▸ Your goal
Pictures in the data should be dropped; transcribe exactly the lines from the one that has "DNF装备大比拼：改恶与歧路，哪个才是顶级之选？" through the one that has "Que Es El Grupo".
BEGIN Data supplied
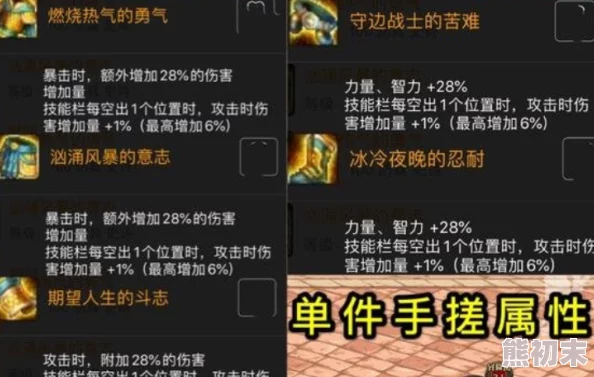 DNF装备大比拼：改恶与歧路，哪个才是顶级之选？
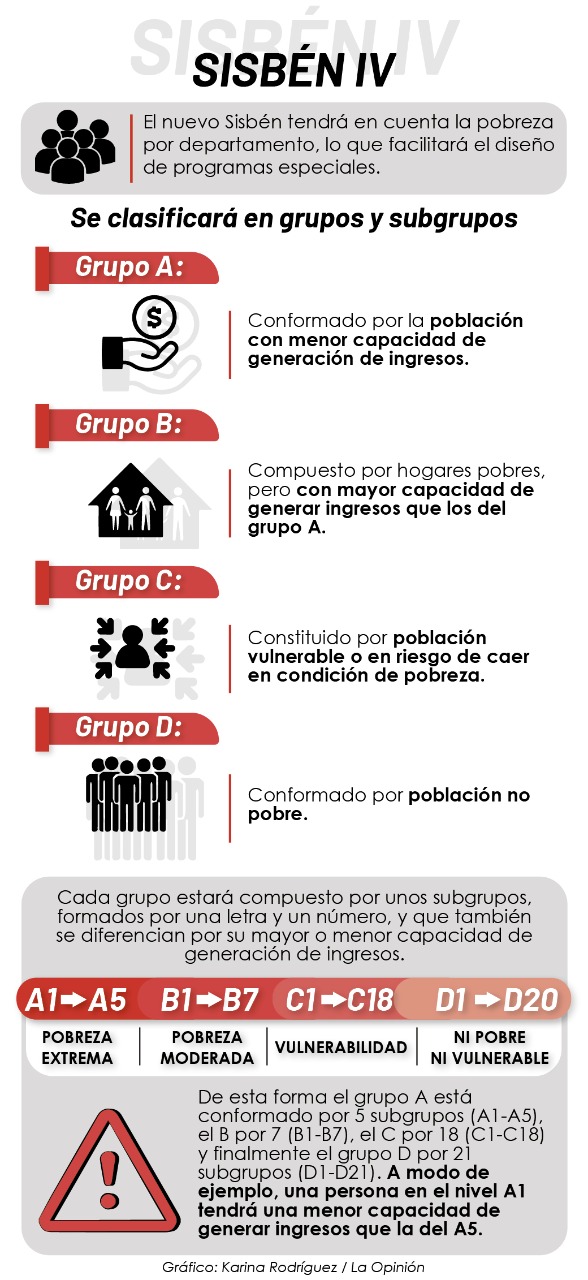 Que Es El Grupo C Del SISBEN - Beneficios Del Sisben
END Data supplied
BEGIN Data supplied
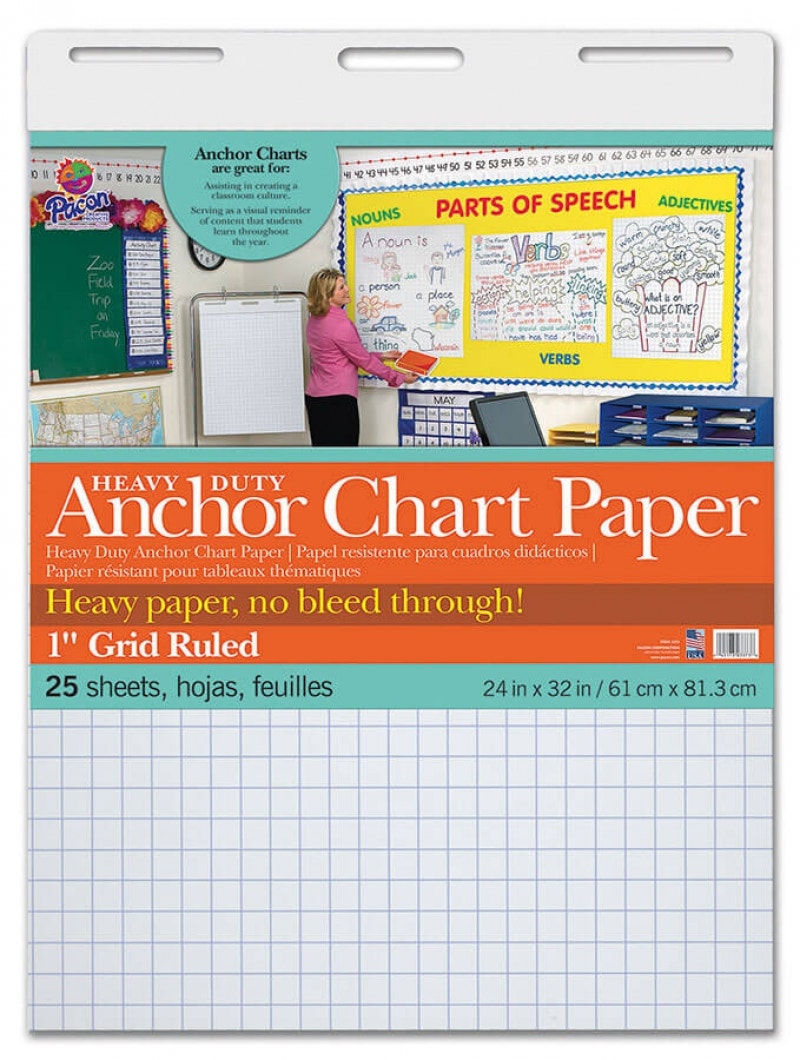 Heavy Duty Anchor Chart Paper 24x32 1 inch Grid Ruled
END Data supplied
▸ Answer below
 DNF装备大比拼：改恶与歧路，哪个才是顶级之选？
 Que Es El Grupo C Del SISBEN - Beneficios Del Sisben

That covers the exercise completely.